Don’t ya’ll know I’m trying to be zen – up in this biiiiitch
Here’s my humble suggestion for negativity-letting.  Justin Timberlake, specifically Can’t Stop the Feeling.  This is pure joy.  Pure.  Joy.  And I’m not saying I’d bust up his marriage but I just want to touch his tushie once.  And if my husband is reading this?  Sorry honey, I LOVE YOU SOOOOO MUCH.  You can feel any boobies you want if I get to touch Justin’s butt.  Deal?  Great.  We’re having chicken for dinner.  So here’s the tip.  Bring your phone with you into any room in which there is a mirror and you can be alone.  I recommend the bathroom for the acoustics.  Lock the door.  Pull up the video on YouTube and start dancing.  The only one in the room is you so let that freak flag fly.  You want to twerk?  Do it.  No one is watching.  You can feel that freedom building as your body moves.  There will come a point that your head flips back as your arms raise in the air and in that one moment you are free.

THEN…..RIGHT THERE


That is the moment I would like you to look in the mirror and see the beauty.

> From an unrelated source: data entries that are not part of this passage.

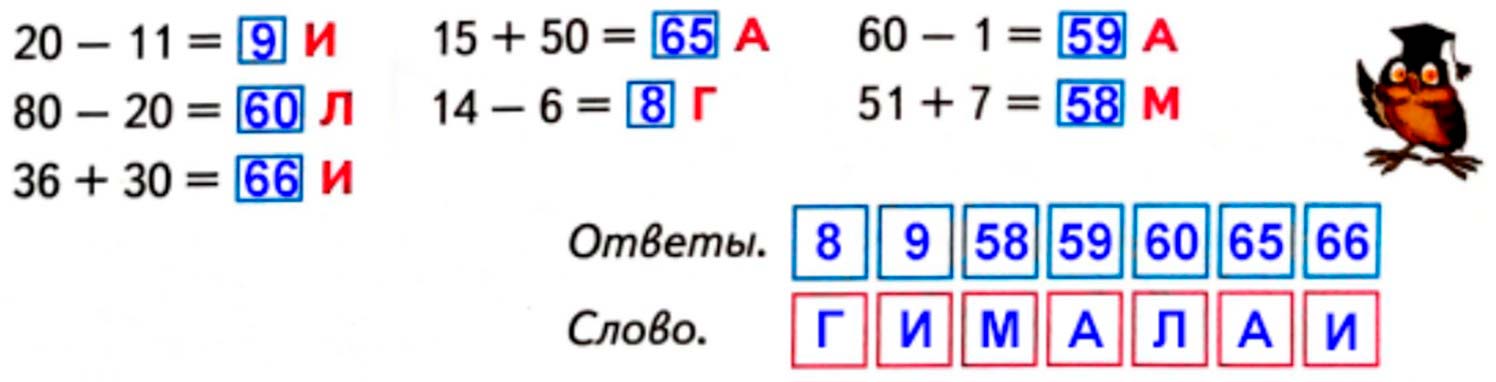 Рабочая тетрадь по математике 2 класс Дорофеев, Миракова, Бука - 1 часть страница 4 математике 2 класс рабочая тетрадь Дорофеев, Миракова, Бука - 1 часть страница 4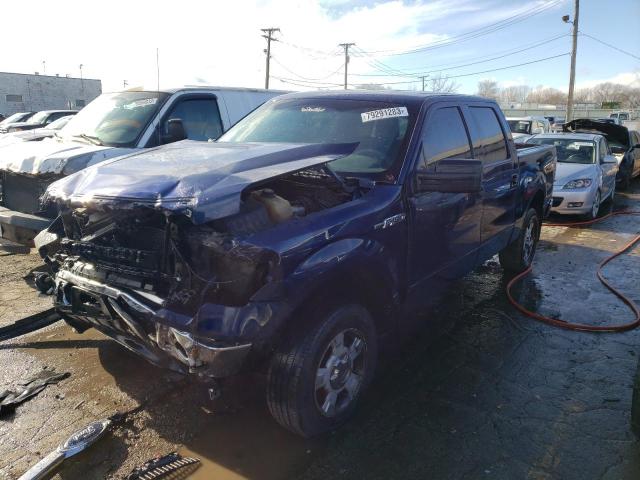 2011 Ford F-150 SuperCrew 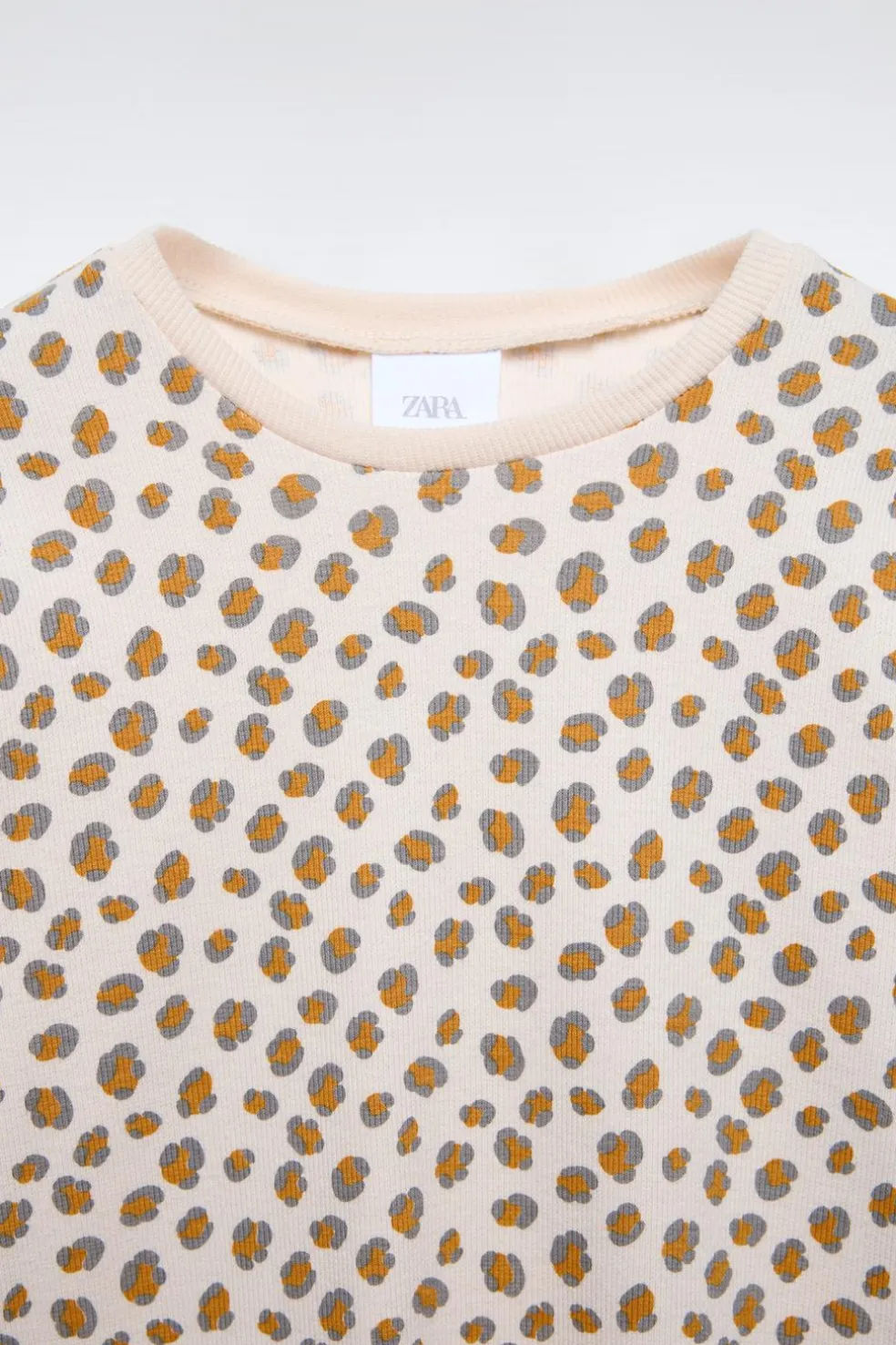 6-14 ANOS/ PIJAMA ANIMAL PRINT-ZARA Shop
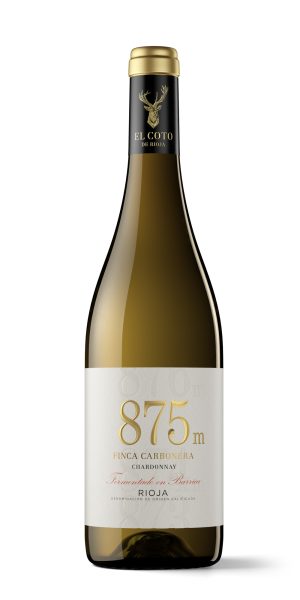 El Coto 875m 2025 weiß Barrique 0,75 l &ndash; Wein aus Spanien bei Andupez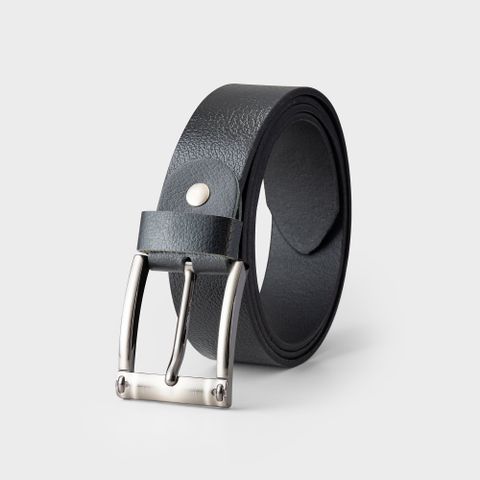 Thắt lưng Lata ( Thời trang nam - Dây nịt da thật khóa kim TLKT47) - 3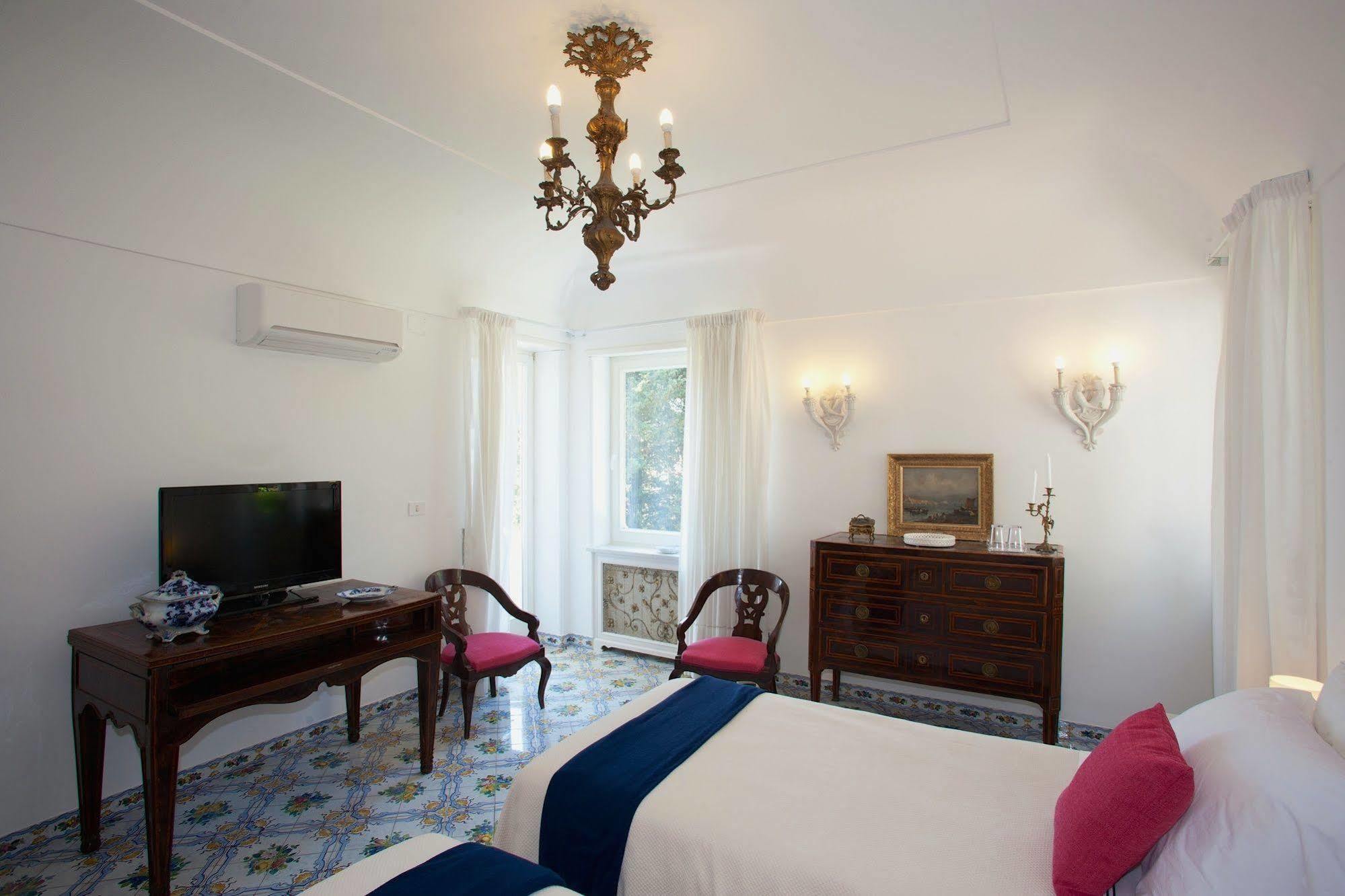 Silia Hotel Capri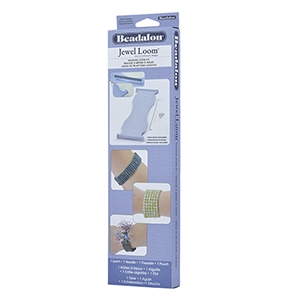Beadalon Jewel Loom&reg; Kit by Julianna C. Avelar Bleu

See that?  Feel that?   It doesn’t matter if anybody else told you.  You are free and beautiful and that soul drain that we are constantly exposed to every time we turn on the TV or log into Facebook or just hear the collective asshats screaming that their opinion ( because it’s louder) has more weight than yours.

Nothing I can see but you when you dance dance dance

Smile.  You are beautiful.  That mirror tells you everything you already knew and let no one take that from you.

Ride that wave, Dear Beauties, ride it.